Football explains America, Paolantonio argues, through its fashioning in light of national experience. In the nineteenth century, soccer and rugby came to be regarded as boring holdovers from the pre-Revolutionary era. Yale’s Walter Camp developed football as a violent but nonetheless rational game orchestrated by one man—the quarterback. The quarterback would direct his teammates in the acquisition of the opponent’s territory, and failure to make progress (with four downs to go ten yards) meant surrendering the ball. He envisioned the position as a contrast to the brute strength dominating rugby and the fluid unorchestrated movement of soccer.

Football emerged in America just as the frontier closed. Thwarted from pursuing the real thing, American men ever since have turned to the field to replay a myth of struggle and conquest. Thus quarterbacks stir the American imagination: Johnny Unitas, Roger Staubach, Joe Montana, and the Manning brothers, Peyton and Eli, who have won the past two Super Bowls.

Originally, football was envisioned as a vehicle for moral improvement. It reflected America’s purported Protestant character and embodied both individual and communitarian values like teamwork, individual effort, manliness, and integrity. But problems arise when violence is glorified instead of merely accepted. Some insist that football canonizes everything wrong in American life. George Will’s quip comes to mind: football combines the two worst features of America—violence interspersed with committee meetings.

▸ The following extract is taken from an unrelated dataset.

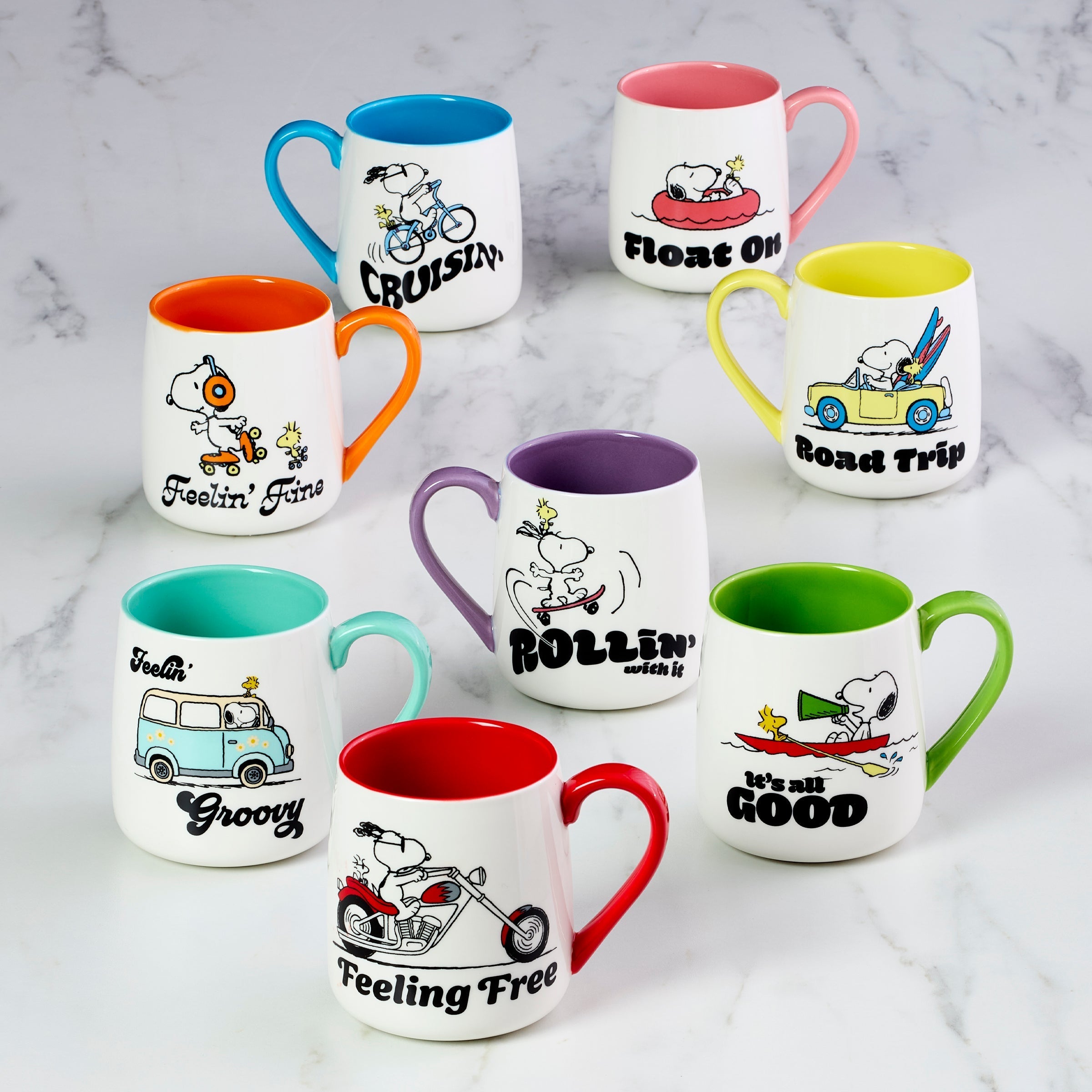 Lenox Fine Lenox Fine Peanuts Mugs Cruisin'-Feelin' Fine, Set of 2 - Image 4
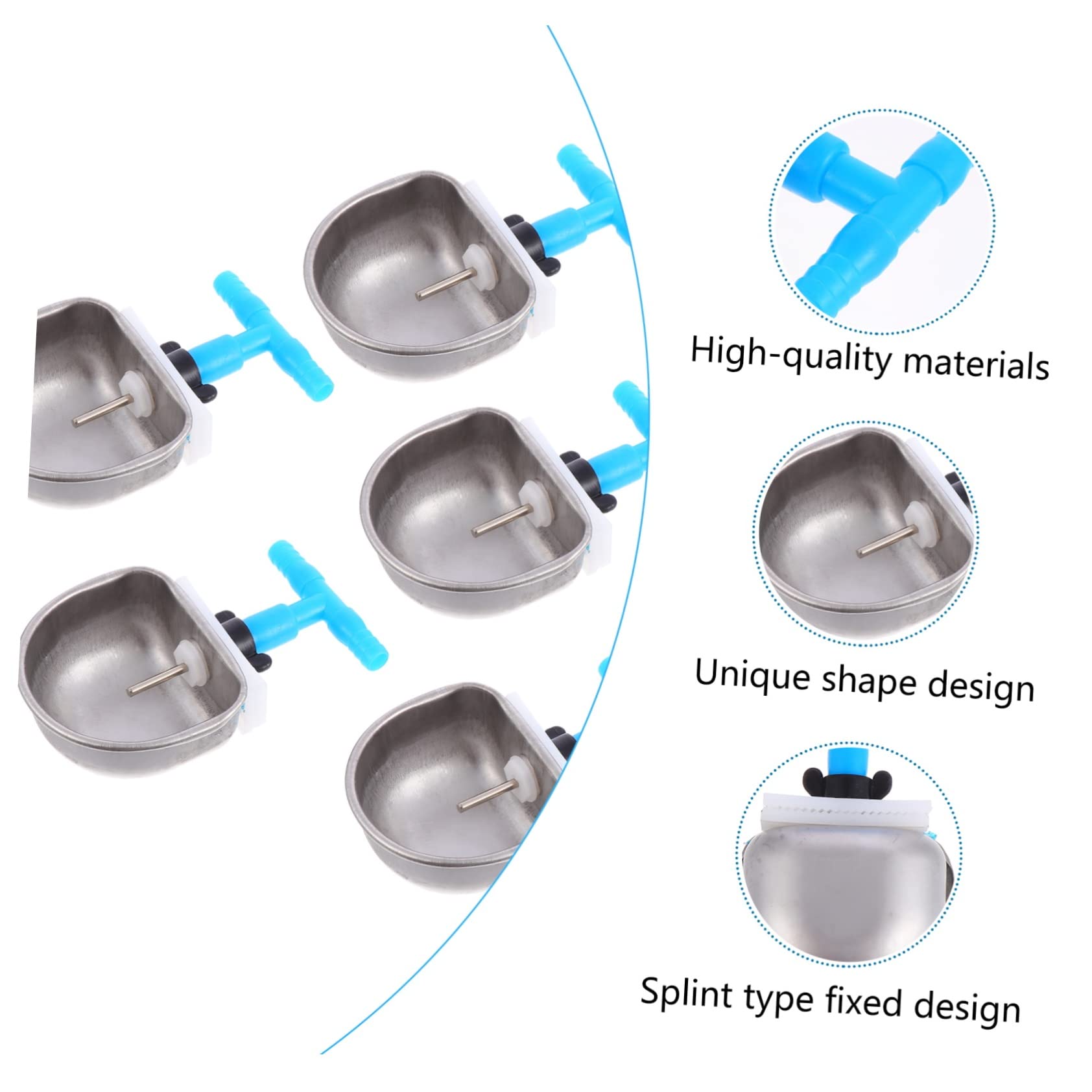 Mikikit 5PCS Rabbit Water Bowl Drinking Feeder for Rabbits Design for Animals Convenient Watering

Even Paolantonio confirms this when he offers the Snoop Dog rap song “Who Am I (What’s My Name)?” as a celebration of football’s competitiveness, but his own narrative suggests that the sport’s creators and heroes such as Giants and Packer coach Vince Lombardi and Army coach Red Blaik would distance themselves from Snoop Dog’s claim that “you’ll say my name when I’m through with you.” Obviously Lombardi wanted to win; after all, he coined the phrase, “Winning isn’t everything. It’s the only thing.” But he, a devout Catholic, sought victory through team effort and bravery (and the occasional motivational speech), not the denial of the opponent’s humanity and dignity.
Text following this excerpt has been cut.